Using Python 3 named arguments or dictionary style string formatting to build SQL queries
In version 3.0 and later, Python introduced new and tremendously helpful ways to manipulate strings that eliminates both of these issues. (These features were later back-ported to all the way to version 2.6). You are now able to pass named arguments and dictionaries to your strings via the .format() method.
Previously, if you wanted to use string formatting you had to specify the type for each variable you passed. Subsequently, it was necessary to keep track of your arguments by the positional index of the tuple of values you passed to the string. With Python 3, forced-types have been defenestrated and order doesn’t matter.
Take the example:
args = {‘name’:’George’, ‘age’:32}
string = “The student’s name is {name}, age {age}.”.format(**args)
Notice that in both cases we pass strings and integers using identical syntax. There is no need to specify the variable type. Secondly, you can keep track of objects by the key value of objects in the dictionary passed to the string. Also note, You must use the ** operator to unpack the dictionary, because string formatting actually takes named arguments. The ** operator converts the dictionary to named arguments.

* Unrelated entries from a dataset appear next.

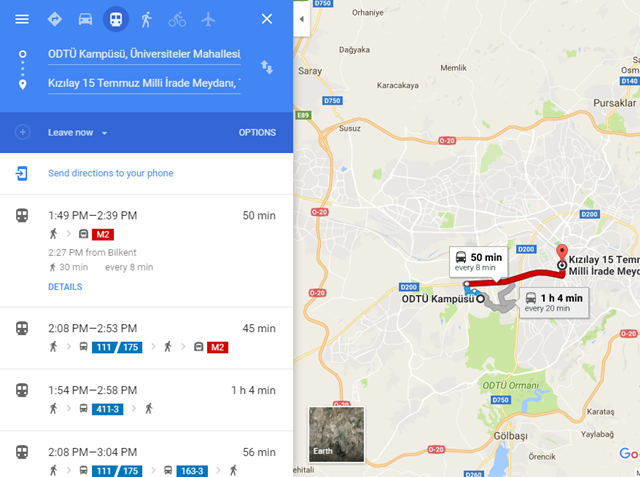 Google Transit Nedir, Nasıl Kullanılır ?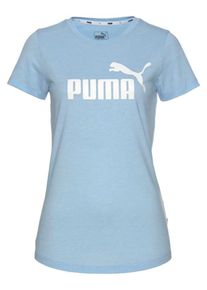 Puma, Damen T-Shirt 'HEATHER TEE', Hellblau / Weiß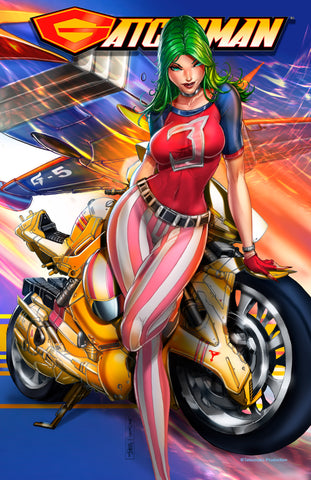 NYCC Gatchaman #1 Trade Wraparound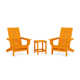 High-Density Polyethylene (HDPE) Outdoor Adirondack Chair With Table
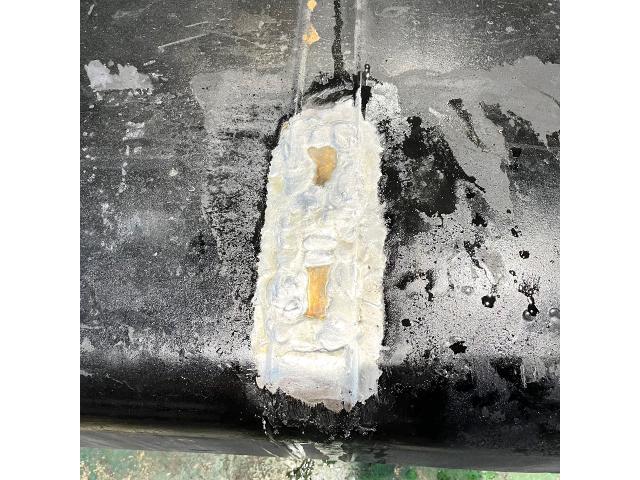 【馬送車 燃料タンク】馬運車 燃料漏れ 軽油 漏れ修理 半田付け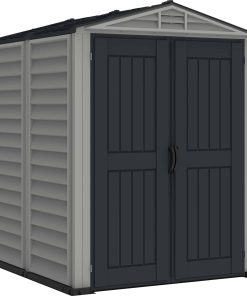 Duramax Kunststoff Gartenhaus 171x171 Geräteschuppen Garten Gerätehaus Drehtüren
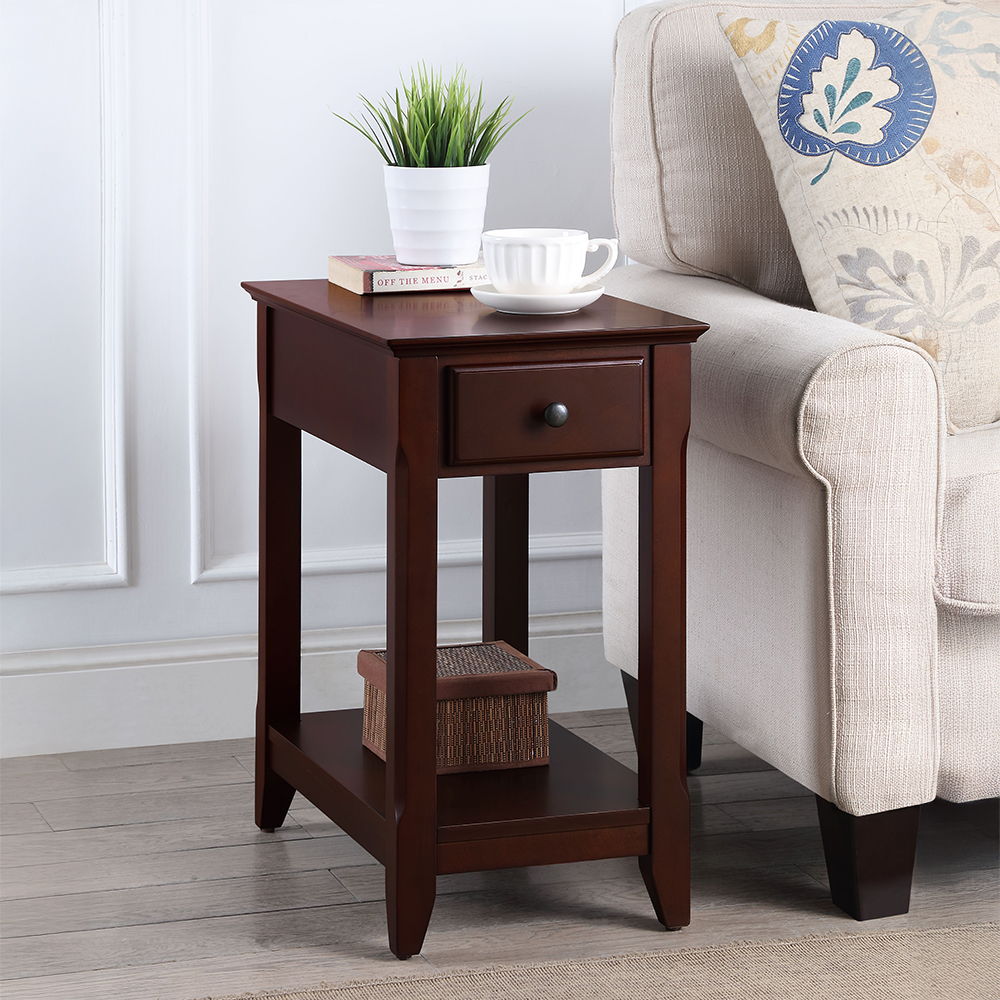 Bertie - Accent Table - Espresso, dark brown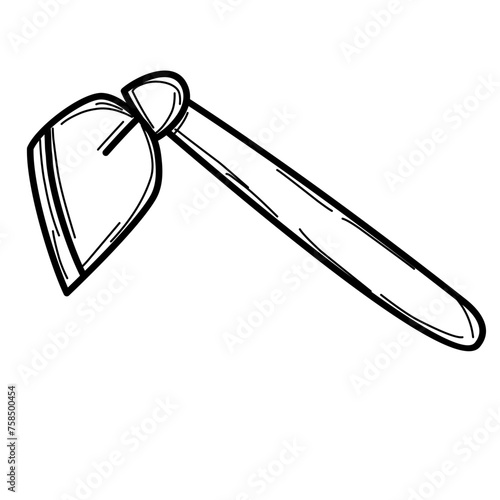 hoe line sketch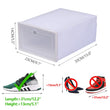 20-Pack Foldable Plastic Shoe Box Set – Clear Stackable Storage Organizers for Home & Closet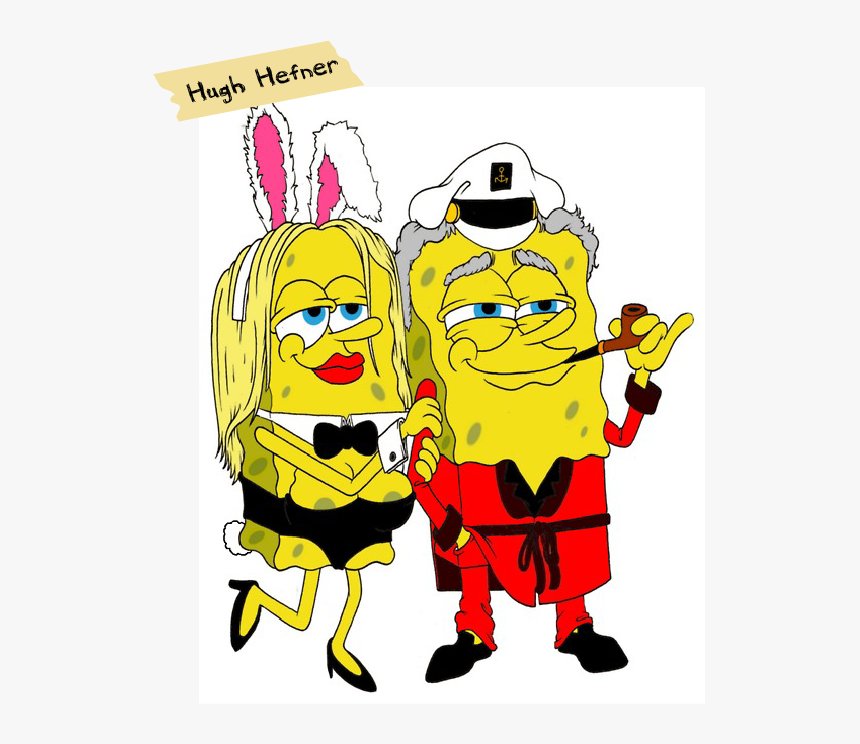 Hugh Hefner Cartoon Style, HD Png Download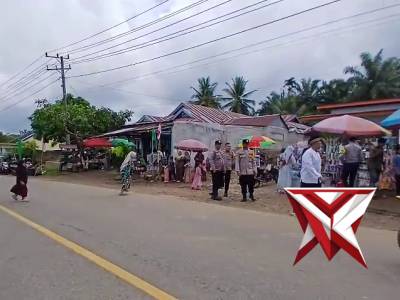 Pengamanan Personil Polsek Penarik dalam Rangka Harlah NU ke 103 Mukomuko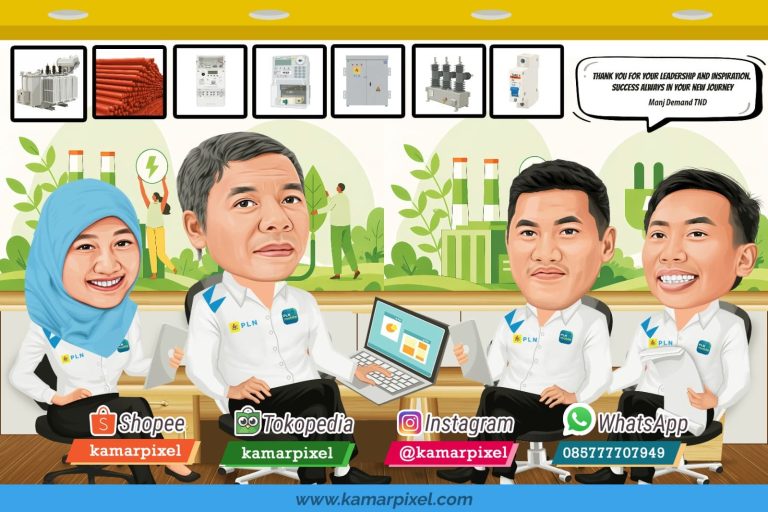 Karikatur Farewell Perpisahan Grup Alat Berat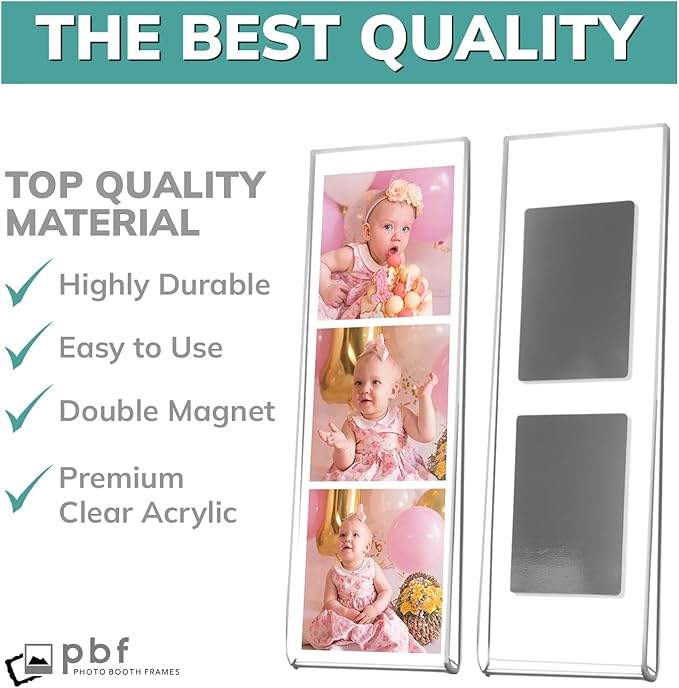 pbf PHOTO BOOTH FRAMES 2x6 Magnetic Picture Frames - Image 4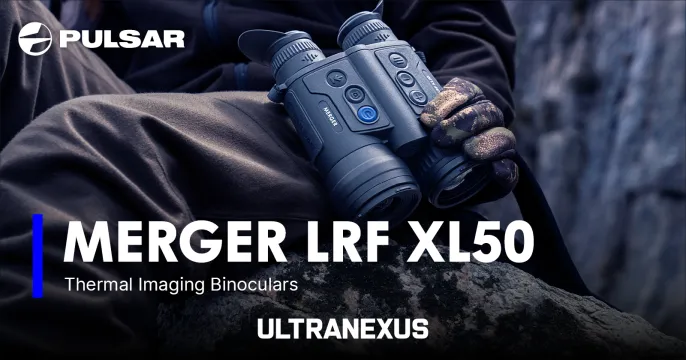 Pulsar | Merger LRF XL50 | Thermal imaging binoculars | Ultranexus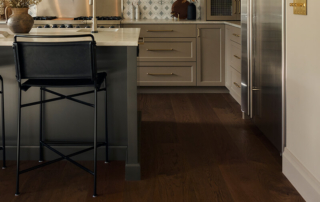 Rich Oak Hardwood & Custom Wool Stair Runner – South Surrey, BC - Slider1 | Exclusive Floors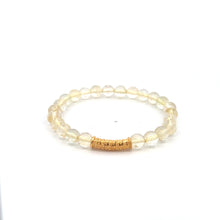 Load image into Gallery viewer, 18K Gold Tube Lucky Charm Bracelet Gemstones Birthstones 6mm - Rafant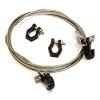 Integy Realistic Steel Tow Cable & Tow Hooks w/Bow Shackle for 1/10 Off-Road Crawler view 1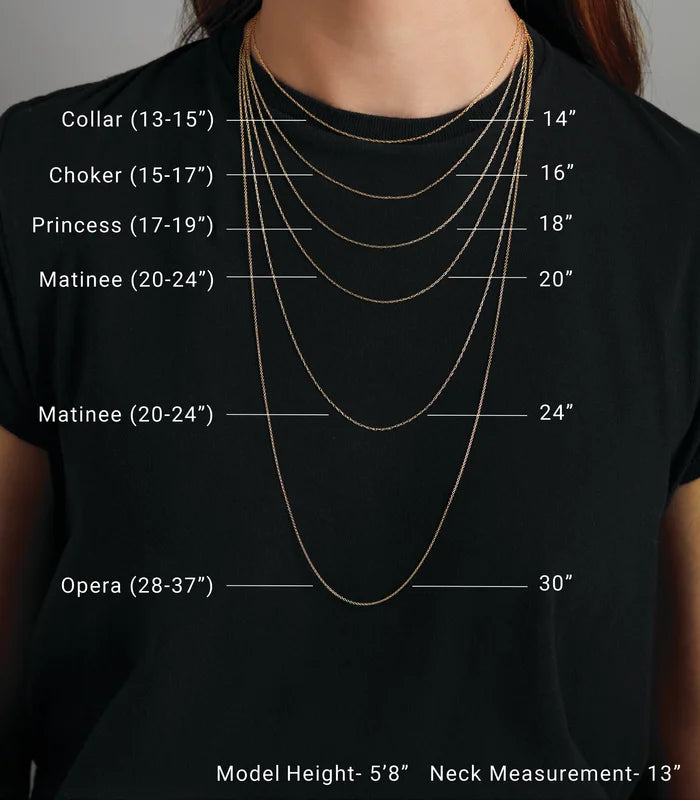 18" Rope Chain Necklace - 14k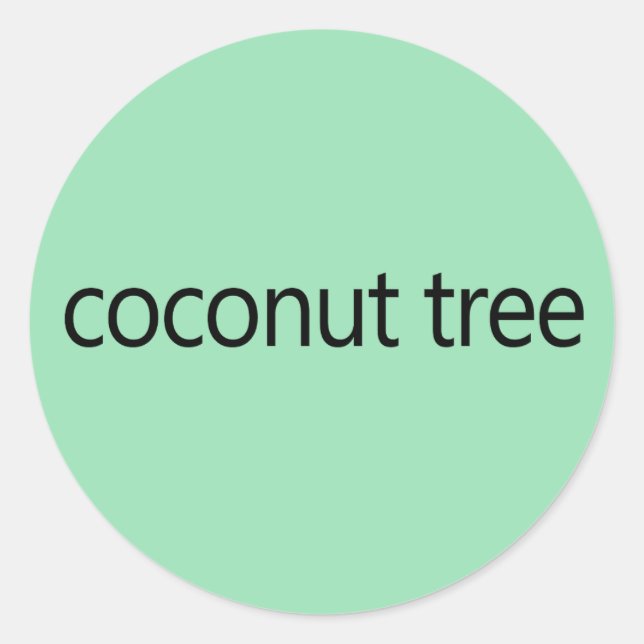 Adesivo Redondo Coconut Tree Kamala Harris Cotação 2024 (Frente)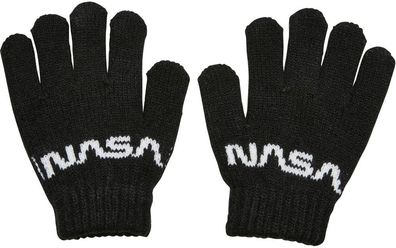 Mister Tee Jungen Handschuhe Nasa Knit Glove Kids Black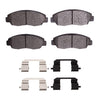 R1 Concepts 98-02 Honda Accord Coupe Front Optimum OE Pads & Hardware Kit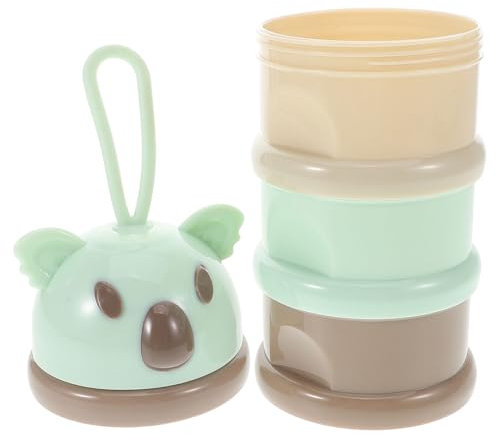 ifundom 3couche Boîte à Collation Pour Lait Poudre Distributeur Anti-fuites Compact Pour Voyages Et Stockage De Nourriture Pour Tout-petits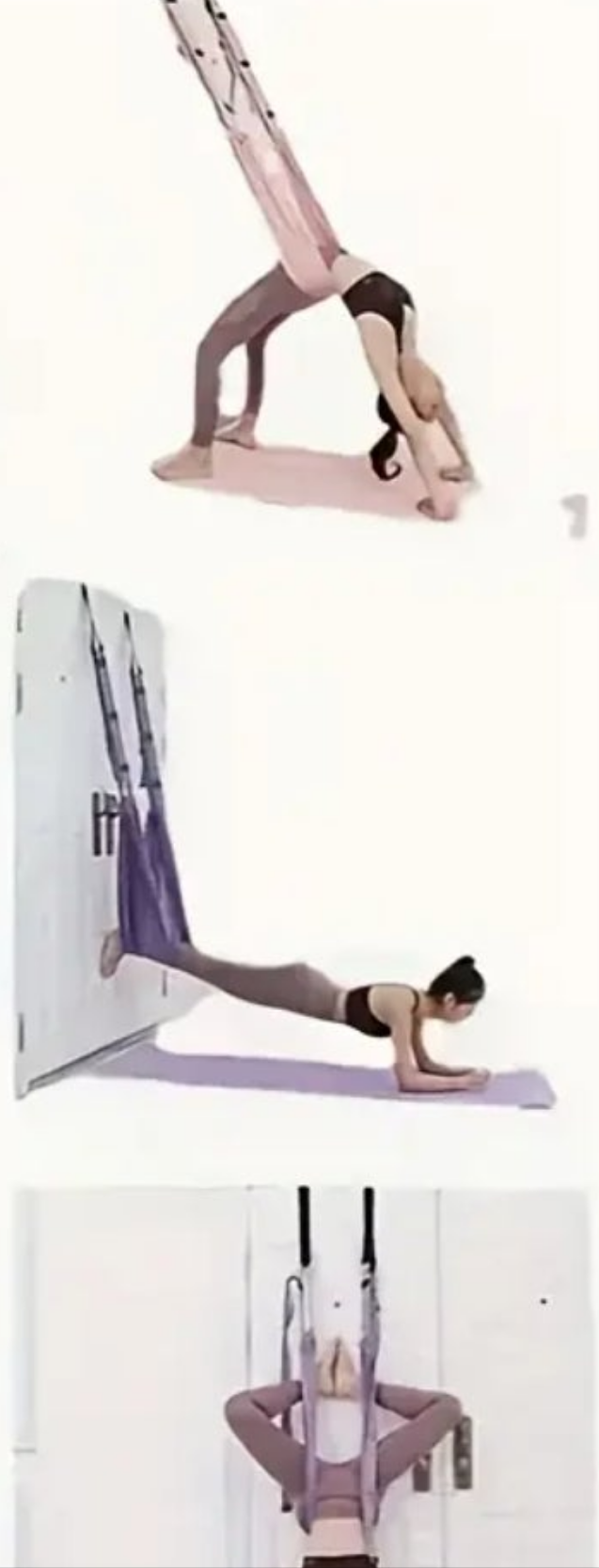 Yoga rope not elastic hanging door yoga stretch belt, opens your shoulders and back home workout for your door Polyester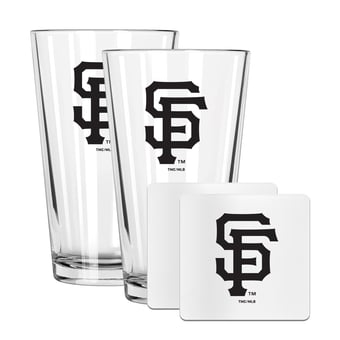 The Memory Company San Francisco Giants 16oz. Pint Glass and Coaster Set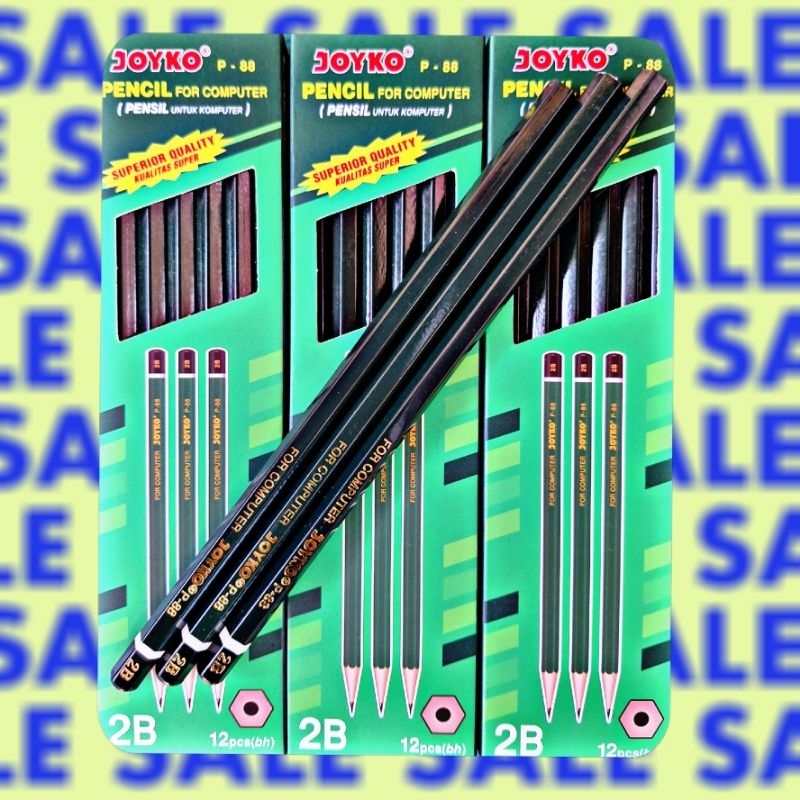 

PENSIL JOYKO P-88 2B KOMPUTER ISI 12PCS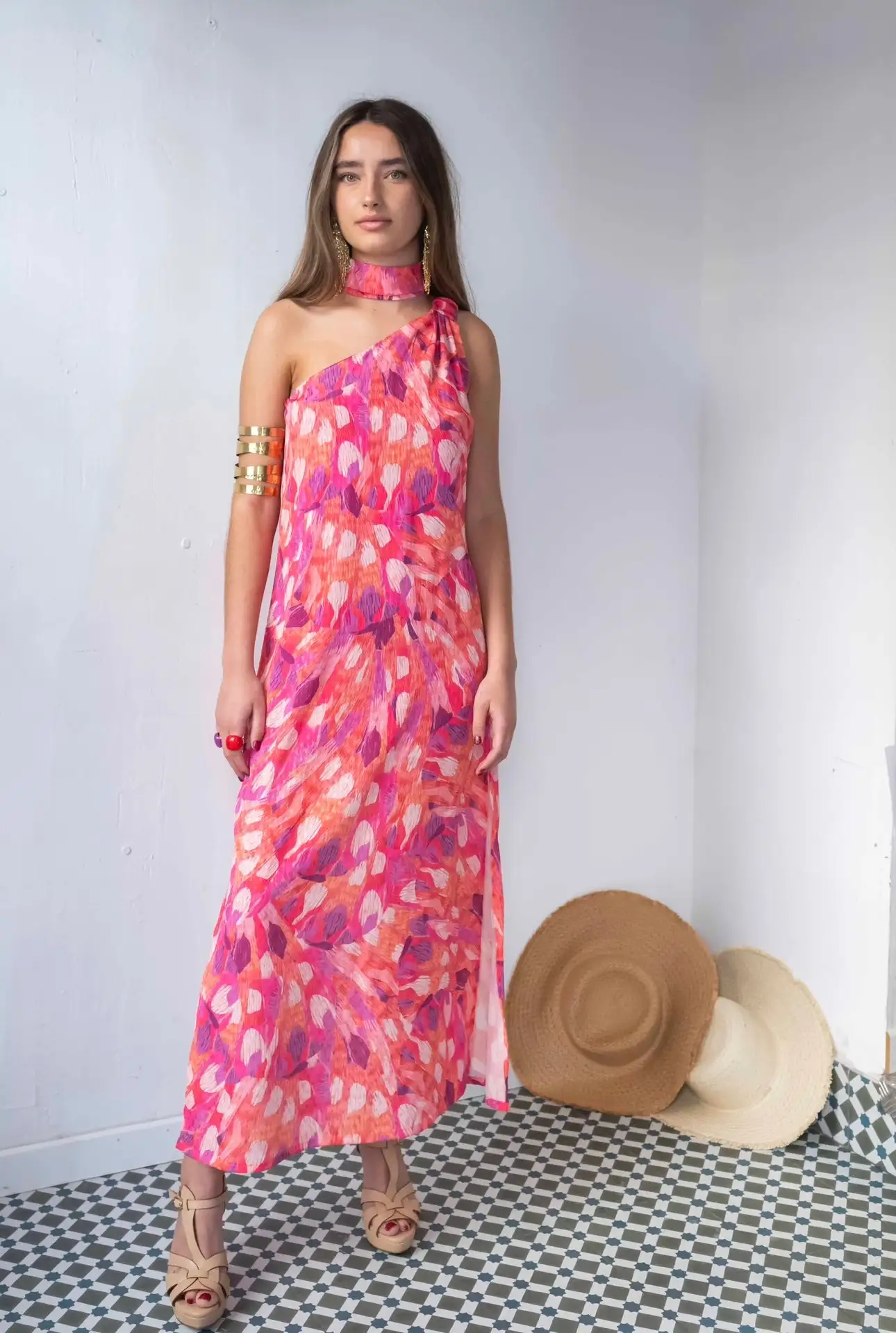 VESTIDO NIMES PINCELADAS CON LAZADA - Imagen 5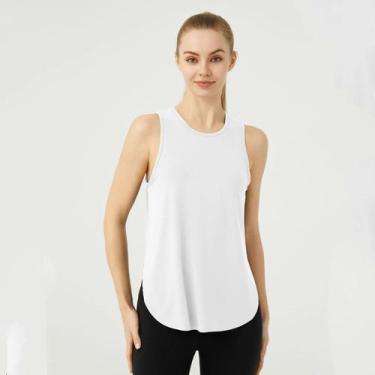 Imagem de Camiseta Sem Mangas Feminina De Verão Para Fitness E Corrida, Respiráv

Alternatively you can use named arguments explicitly:
string = “The student’s name is {name}, age {age}.”.format(name=’George’, age:32)
These two features make string formatting really easy, and make it unreasonably easy to customize SQL queries.
Construct complex queries with variable, column, and table names
Take the example in line 33-37 from the class above:
query = '''select {select_clause}
from {schema}.{table}
where 1=1
{where_clause}
'''.format(**args
and the dictionary we pass to it here:
args = {'select_clause':'first, last, age, address',
'schema':'university',
'table':'students',
'where_clause':' AND age > 30'}
Above, I’ve set up what I like to think of as a skeleton query. This consists of the basic syntax of a correctly formatted SQL query plus placeholders for both the clauses and values that need to adapt to the parameters of the application.
A couple of things about this that to point out. First, because we aren’t using SQL parameterization (see the caveat above) we are not limited to passing values to known database structures. For example, we can pass an entire select clause specifying on the fly which fields to include.
Think about how easy this makes it to maintain the application if data structures are migrated on the backend, you just need to swap out the schema and table names where you set your default values.
The snippet where 1 = 1 might seem a bit odd in this example. It is a where condition that always evaluates to true. This is a helpful trick, as it allows you to pass either additional where conditions or an empty string and get back the results you were intending. For example, if you were building an application where users can select multiple filters, you could pass those filters to the query just by adding additional conditions to the where clause.
I hope this post provided helpful principles for querying data with Python and SQL in your data science applications.